• What is required: Return each record verbatim, images excluded.

---- Working data

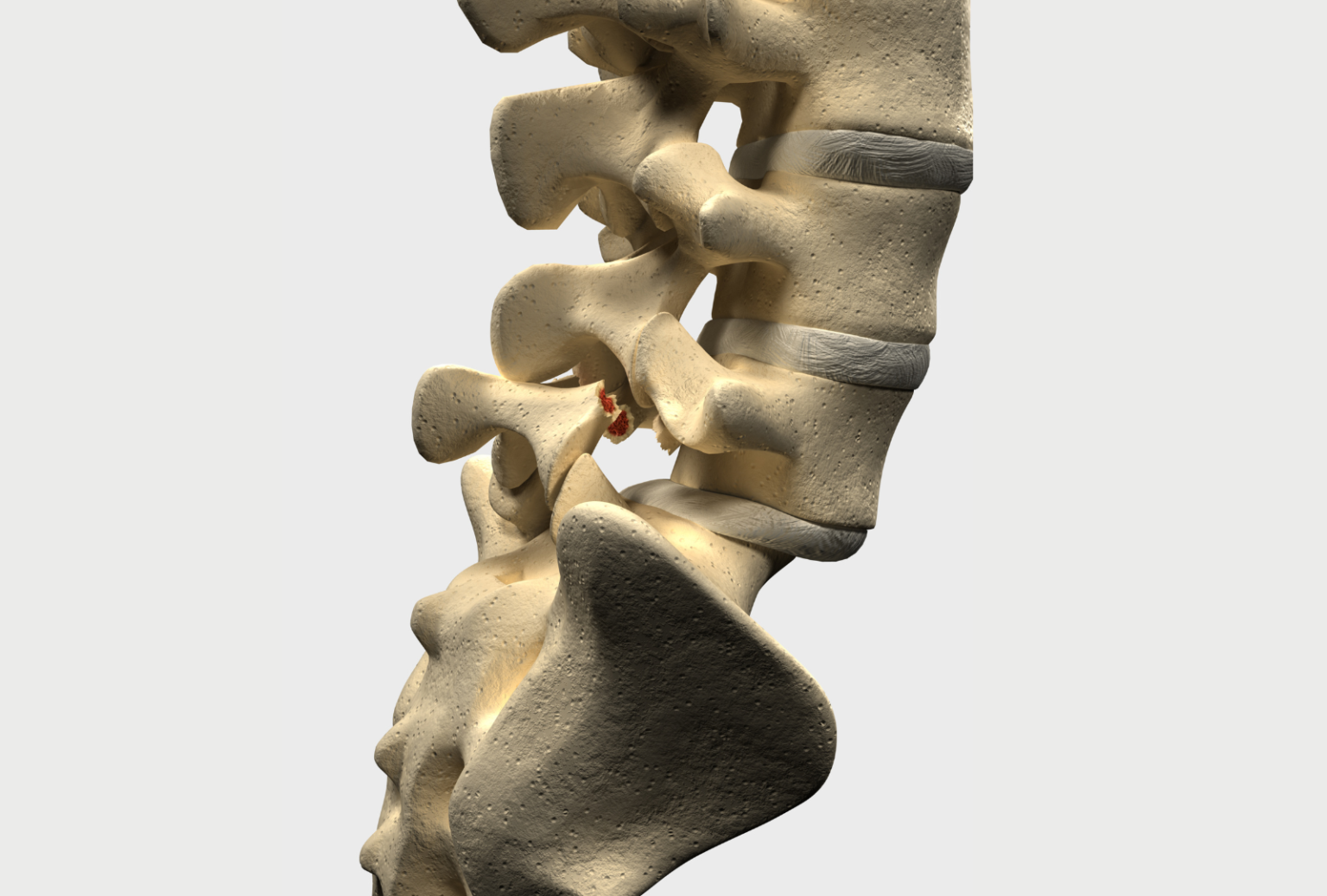 When Your Lower Back Vertebrae Are Out Of Alignment Spinal Backrack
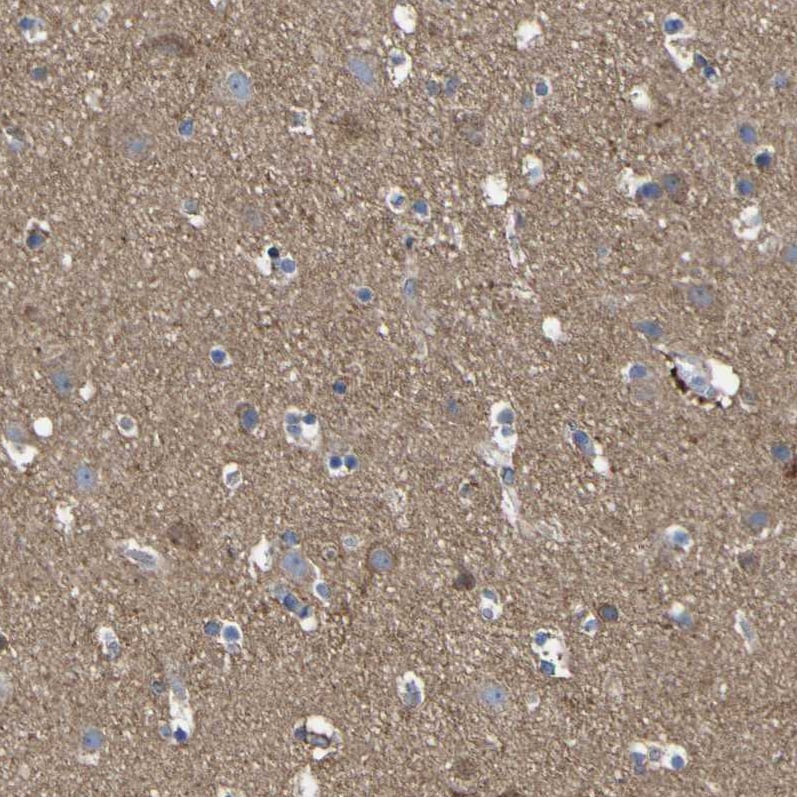 CCDC90B Antibody - BSA Free Immunohistochemistry: CCDC90B Antibody - BSA Free [NBP1-93528]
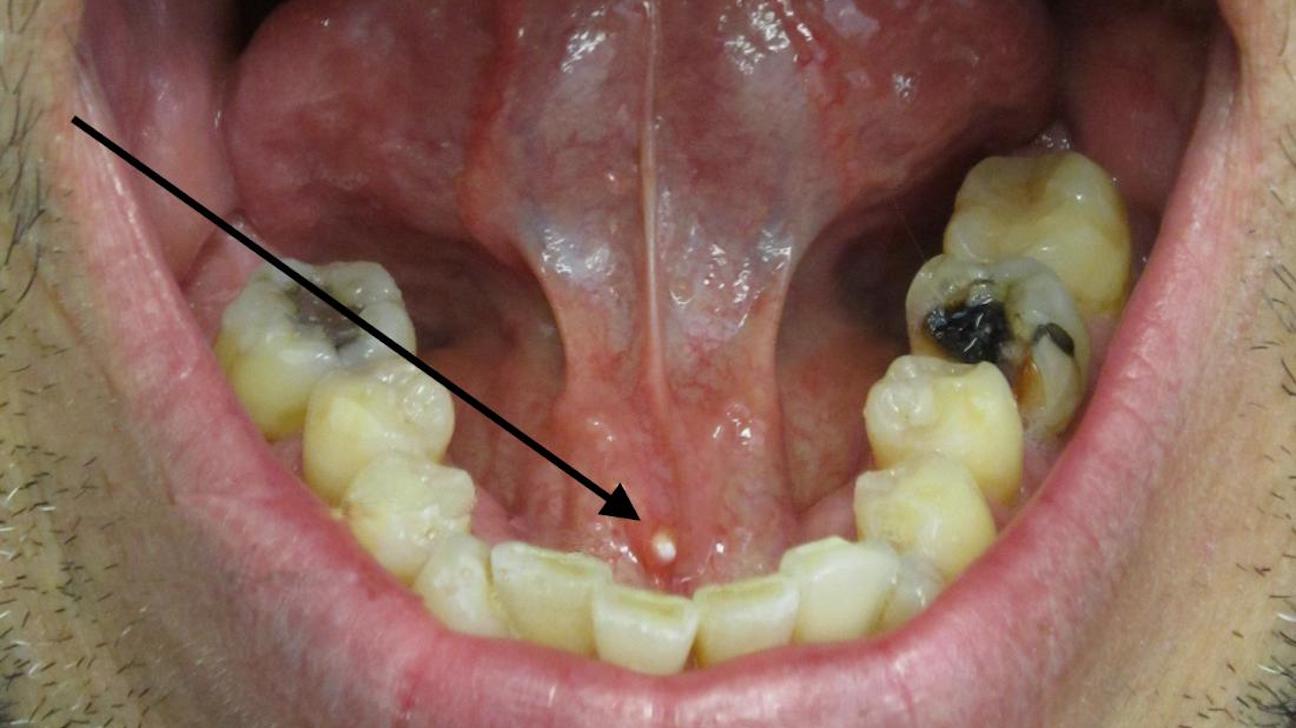 6 Causes Of Sticky Saliva & Home Remedies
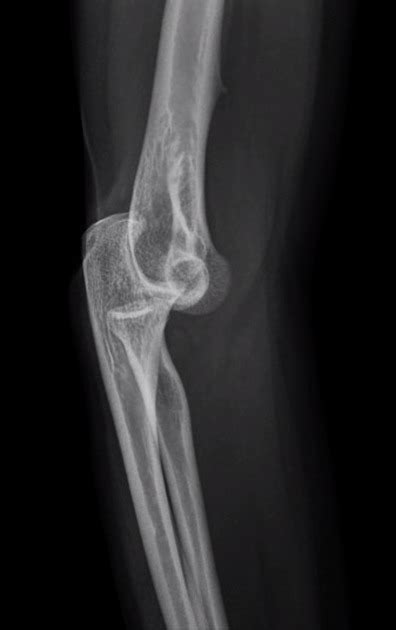 Elbow Dislocation Pacs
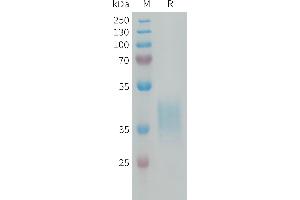 SDS-PAGE (SDS) image for Cytokine Receptor-Like Factor 2 (CRLF2) (AA 23-231) protein (His tag) (ABIN7538213)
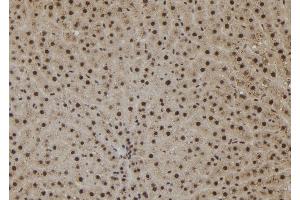 ABIN6265380 and ABIN6273078 at 1/100 staining Rat liver tissue by IHC-P.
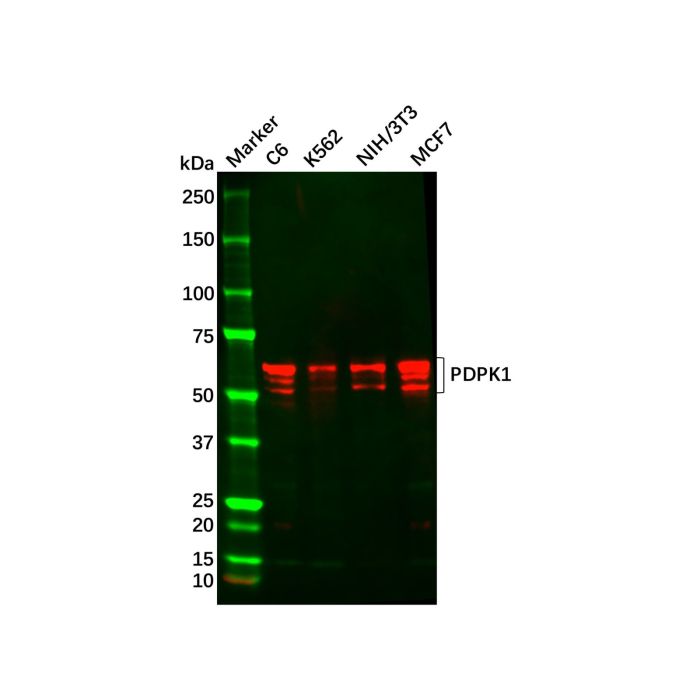 PDPK1 Mouse mAb -    by Aladdin Scientific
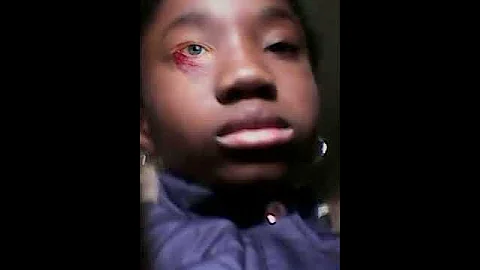 I got beat up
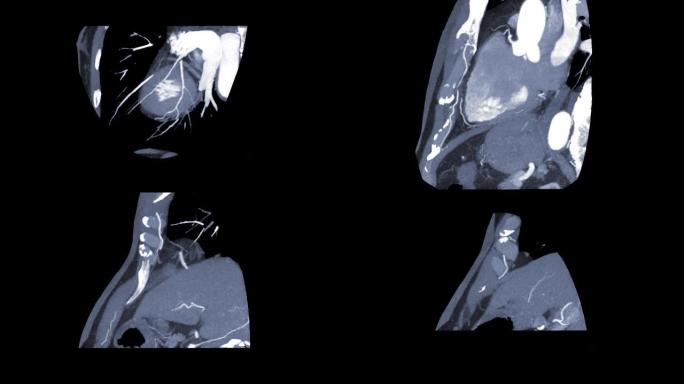 CTA冠状动脉3D渲染图像在屏幕上翻转以诊断血管冠状动脉狭窄。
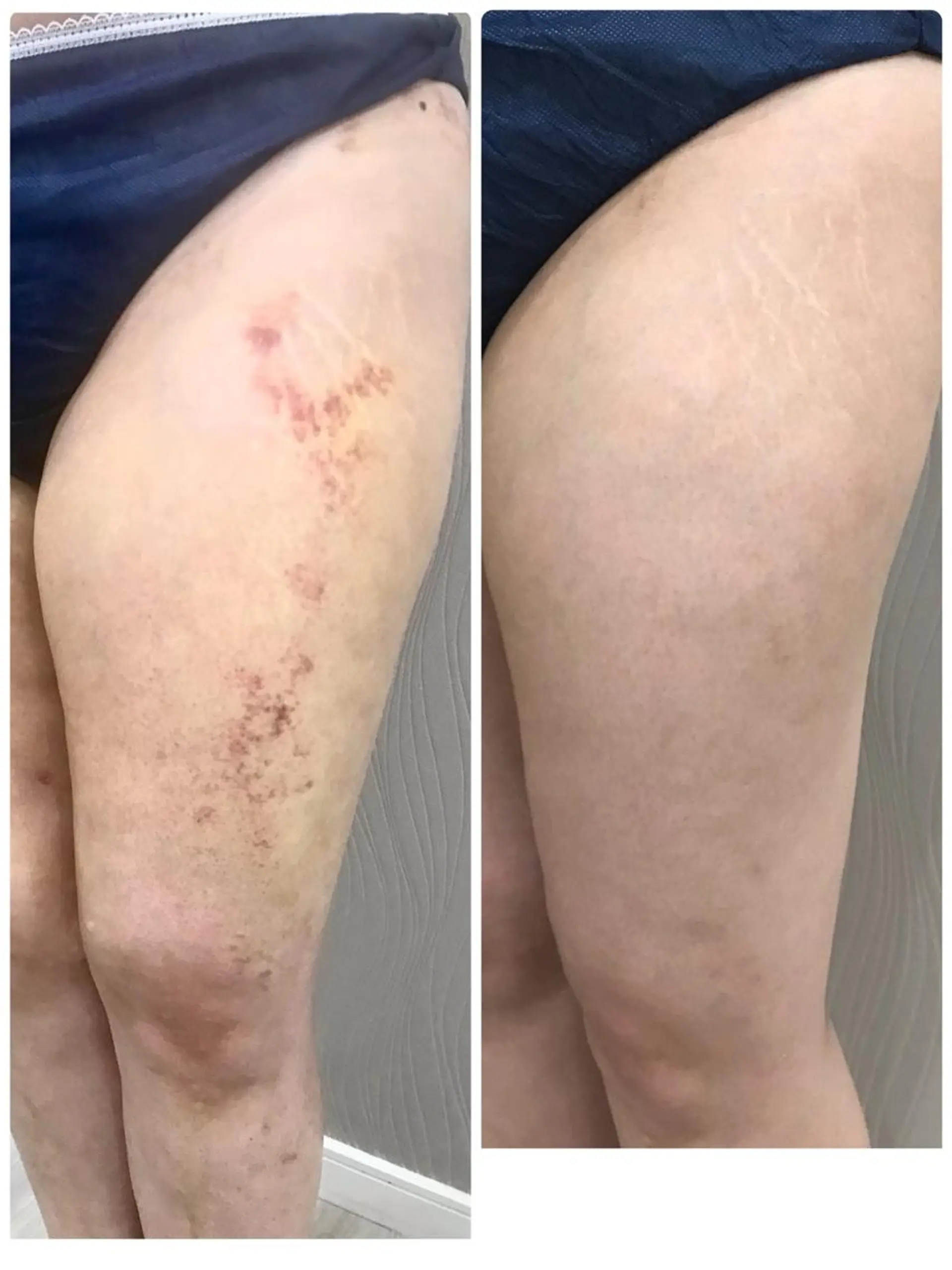 エステティックサロン ベルネのエステ・リラクイメージ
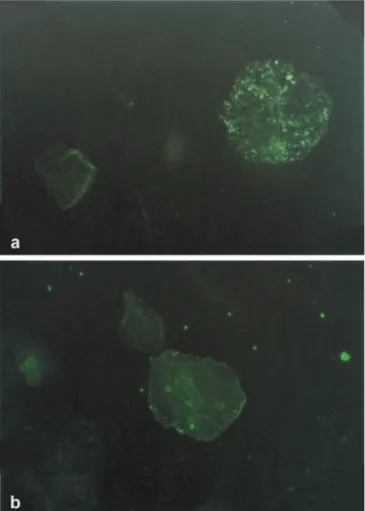 Fig. 2. Immunostaining of ganglioside GM2 (a) showing diﬀuse granular staining on pharyngeal epithelial cells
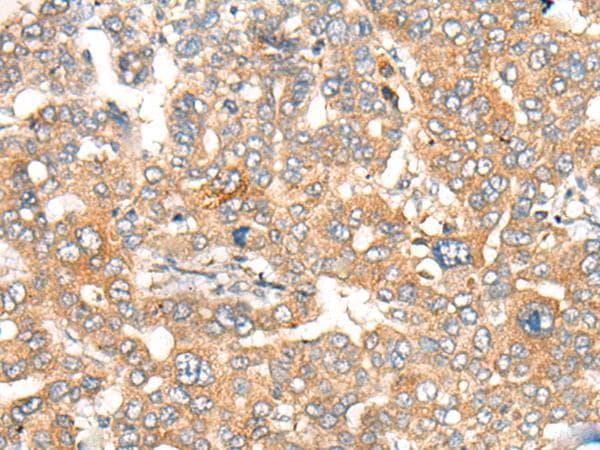 CASP4 / Caspase 4 Antibody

--------

• Solution to the exercise:
 When Your Lower Back Vertebrae Are Out Of Alignment Spinal Backrack
 CCDC90B Antibody - BSA Free Immunohistochemistry: CCDC90B Antibody - BSA Free [NBP1-93528]
 6 Causes Of Sticky Saliva & Home Remedies
 Elbow Dislocation Pacs
 SDS-PAGE (SDS) image for Cytokine Receptor-Like Factor 2 (CRLF2) (AA 23-231) protein (His tag) (ABIN7538213)
 ABIN6265380 and ABIN6273078 at 1/100 staining Rat liver tissue by IHC-P.
 PDPK1 Mouse mAb -    by Aladdin Scientific
 I got beat up
 CTA冠状动脉3D渲染图像在屏幕上翻转以诊断血管冠状动脉狭窄。
 エステティックサロン ベルネのエステ・リラクイメージ
 Fig. 2. Immunostaining of ganglioside GM2 (a) showing diﬀuse granular staining on pharyngeal epithelial cells
 CASP4 / Caspase 4 Antibody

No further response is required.